When replying to a post/email – don’t quote unnecessary text. I get some of my group messages in digest format, and it’s incredibly annoying to have to scroll through literally pages of old quoted junk to get to the new stuff. Check out this one message below. Note that the actual meat of the post is 6 lines out of about 55, and that this one post is out of about a dozen I got in the digest.

[edited out]

Gamey stuff

I’ve been drawing and painting (in watercolour) for the past 2 weeks for the new edition of the Warhammer Fantasy RPG. I only played WHFRP once or twice when I was a young man in Chilliwack, but I am certainly amazed how different the world of Warhammer is from the world(s) of D&D. Warhammer is a lot more gritty and detailed, and is based on Europe in the dark ages. One of the artist’s guidelines I got read “roll it in shit, dip it in muck.” That’s pretty cool and having pulled out my old edition of the game that Jamie gave me a couple years back and I never really opened, it makes me want to try it out. Maybe someone will run it at a game day or convention in the near future.

Speaking of conventions, The Thickets just got asked to play V-Con, but the H.P. Lovecraft Film Festival is (as usual) the same weekend (Oct 7-9). So I’m trying to sort that out.

This week I also got my contributor copies for some really awesome D&D books – the Black Company Campaign Setting based on the series of novels by Glen Cook, the Advanced Bestiary which is a book full of templates that you can apply to other monsters to make new, weird, scary monsters that your players will never have experienced before, and Egyptian Adventures: Hamunaptra which is a pretty cool setting boxed set that is getting some good reviews. Actually all of those books got good reviews and I will probably use bits from each of them in current or upcoming campaigns.

Speaking of upcoming campaigns, I had the second session of character generation for my “Venger” animated D&D campaign. Let me tell you about the characters, may I?

Marlo’s character doesn’t have a name yet (come on, Mar-Mar!) but she is a Chinese-Canadian hippie with a younger brother. She’s got a pet ferret she takes with her everywhere and in the realm of Dungeons and Dragons she becomes a druid with a magic staff.

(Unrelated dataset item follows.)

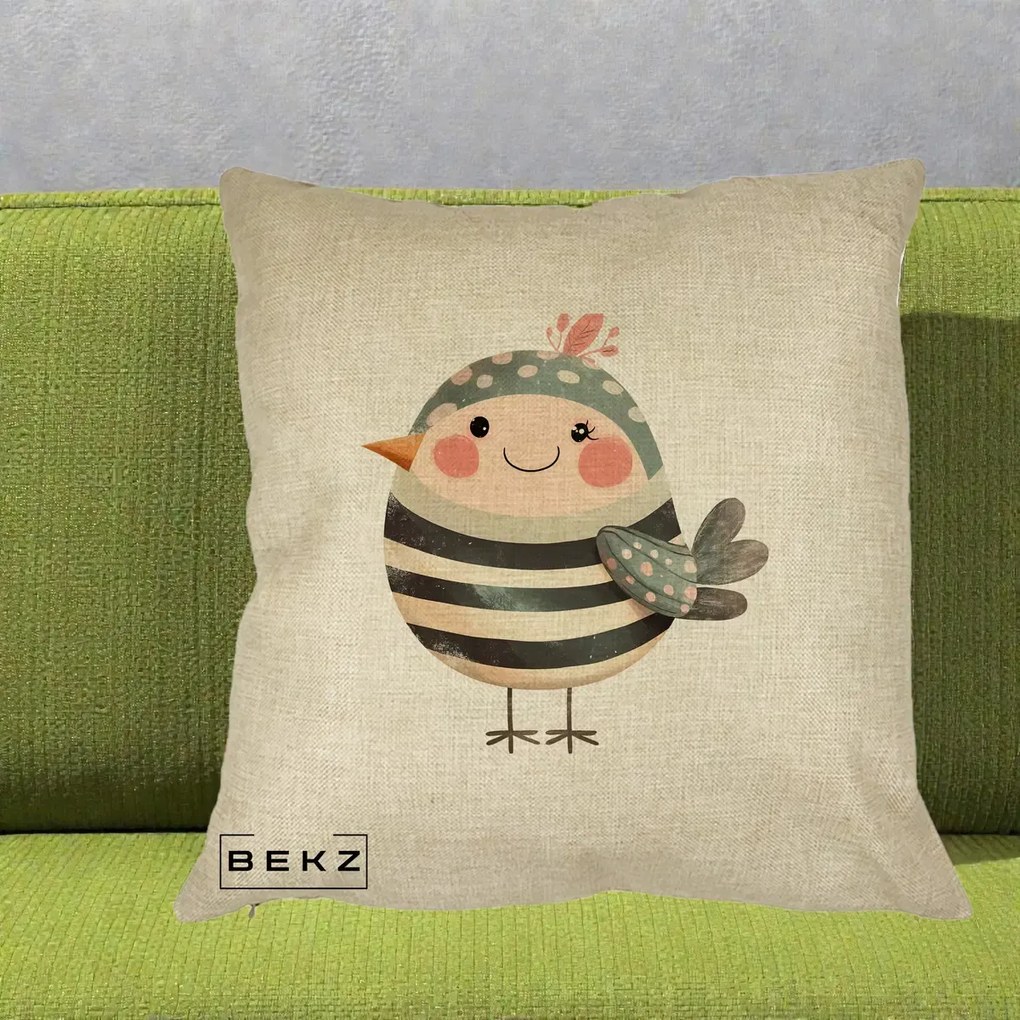 Perna Decorativa Pui Kawaii Teal cu Flori, 40x40 cm, Crem, Husa Detasabila, Perna Inclusa, BEKZ®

Graeme’s character, Jesse, is an all-around popular jock whose deadly desire is to be the most popular – a hero to be loved and worshipped by all. He’s also phobic of bees and is allergic to their venom. In the realm he’s a rogue with magic bolas.

Geoff’s character, Joshua, is a bit of a hick who takes a long bus ride from the farm to get to school. One time he got kicked by Helga the cow and his broken leg didn’t heal properly, leaving him with a limp. Josh’s deadly desire is to be a great dancer, which he knows is impossible because of his limp. In the realm, he becomes a ranger with a magic whip-dagger.

Chris’ character, Sam is a Max Fischer-like extracurricular drama nerd who founded the archery club. Despite being weaker and younger than his sister (Marlo’s character), he’s very protective of her. In the realm he becomes a bard with a magic lute.

Norm’s character, Billy, is the youngest of the group. He’s got a chip on his shoulder and he likes to be called “Radimus.” In the realm he becomes a barbarian with a magic greatsword.

David’s character – no name or background yet. He becomes a sorcerer with a magic amulet.

My Brother and Me

My brother visited me this week. He brought me my Christmas presents (I don’t see my brother very often as he lives in Harrison). I had no idea what to expect – I thought it might be CDs or something – but I certainly didn’t expect a didgeridoo and beanie cap with a propellor.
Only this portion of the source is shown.